The poem was great but you do digress a lot.

27/12/08 5:54 PM  
Blogger .Tom Kapanka said...

HC,
Merry Christmas to you, too. It's been a while since I've been in the blogosphere, but as you know first hand. When life gets in the way of reading or writing blogs--life should always win out.

Dr. John,
I know. The digressing you mention is always in my writing to a certain extent, and sometimes some "background" or "flashback" may be useful and acceptable.
But I agree... I've really been struggling since the chapter about the bridge.

Thank you for being a diligent enough reader to point this out with patience. I should probably not have begun writing about “settling” our homestead during such unsettling times (personally and economically). I may have bitten off more than I could chew. (Did this ever happen to you with a sermon series? =)

If it adds any interest to the reading, it may help to know I've been sorting through many personal things as I write these posts about us digging the well and building the home that now sits empty. Some things about those years, I'm "seeing" (or understanding) for the first time.

The writing has been cathartic as my siblings and I work through our first fall and Christmas since Mom passed, and as we decide what’s best to do with the homestead.

If this were a book you could skip ahead, but blog "chapters" don't allow that luxury, and I'm taking way to long with all this.

It's one thing for a writer to bite off more than he can chew; it's another to chew what's bitten off with his mouth open, and I've probably been doing that here.

Anyway, I do apologize for what must seem like random digressions (some of them have even puzzled me) and I am determine to find the "thread" that began this series and to sew only with it as I wrap up these "Unsettled" matters.

28/12/08 11:46 AM  
Blogger Nancy said...

I've enjoyed it, just the way you penned it! The extras are like the icing on the cake. I love how you take what life deals you and then weave it into the story or the comments. It gives your readers a glimpse of the real "Tom" which is exactly the way it should be.

"To Dad, going to work was a duty wrapped in loyalty" and you shared with us the integrity, lining that wrapping... what an honorable man!

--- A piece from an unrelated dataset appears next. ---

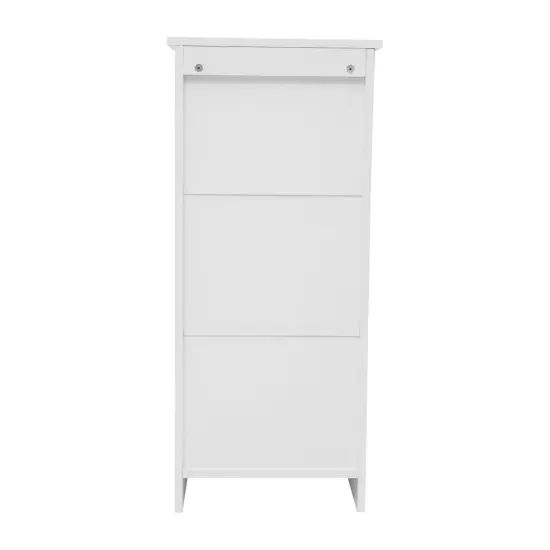 Merrick Lane Vigo Bathroom Storage Cabinet with Adjustable Cabinet Shelf, Upper Open Shelf, and Magnetic Closure Door White {4}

60 degrees again in the sunny south and still waiting on just a little snow.

Happy New Years, full of BLESSINGS, my friend! Enjoy your family.

29/12/08 12:58 PM  
Blogger Family Man said...

I hope your christmas was both happy and peaceful. Thanks for the excellent post.

29/12/08 2:27 PM  
Blogger .Tom Kapanka said...

Nancy,
You are a nice teacher! Thanks for being able to follow my "rabbit trails." (But Dr. John's kind prodding is also helpful.)

I had hopes to write today, but my daughter called and wondered if I could help her and her husband with some projects that got left undone last August when we were doing all that work on their "fixer-upper" house. I must say it has become quite the cozy home for them and their puppy (which I will post some pictures of after I get Chapter 12 posted). So anyway, one project led to another and before we knew it... it was almost 10 PM. But it was fun to wrap up some loose ends for them.

It has occurred to me more than once as I've worked over there that I would not know how to do any of that stuff if it weren't for those years of working with Dad on Saturdays.

Family Man,
And a belated Merry Christmas to you. Thanks for joining us this year!